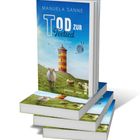 "Tod zur Teetied: Nordsee-Krimi von Manuela Sanne." Zeigt Schafe auf einer Wiese mit Leuchtturm, blauer Himmel im Hintergrund.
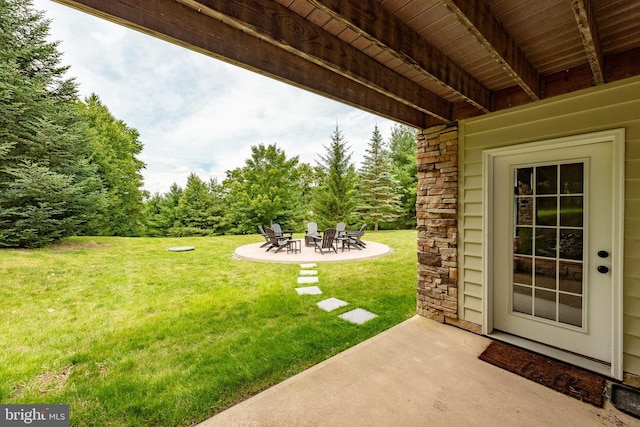 view of yard with a patio area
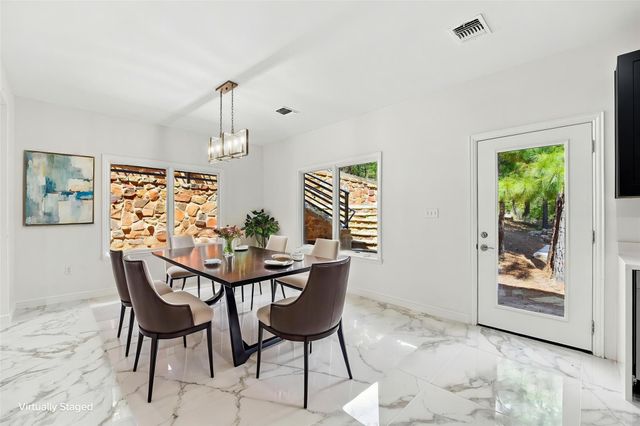 212 Makaha DR, Bastrop, TX 78602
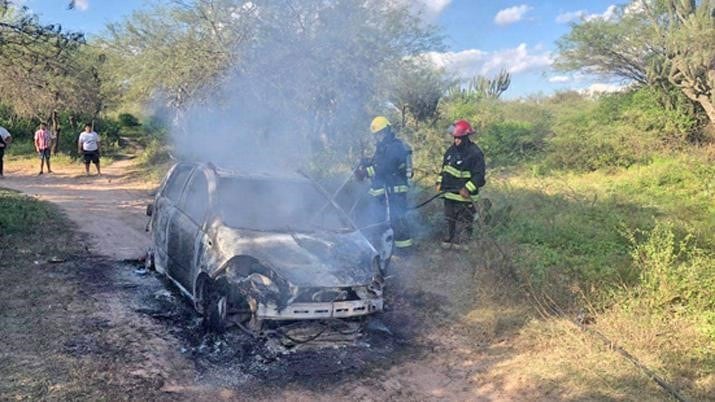 Las mujeres atacadas por el remisero le incendiario en el auto.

☆ ☆ ☆ ☆

Aim of the task:
Wherever a picture appears in the material above, skip it and copy the rest without change.

Response box:
 "Tod zur Teetied: Nordsee-Krimi von Manuela Sanne." Zeigt Schafe auf einer Wiese mit Leuchtturm, blauer Himmel im Hintergrund.
 view of yard with a patio area
 212 Makaha DR, Bastrop, TX 78602
 Las mujeres atacadas por el remisero le incendiario en el auto.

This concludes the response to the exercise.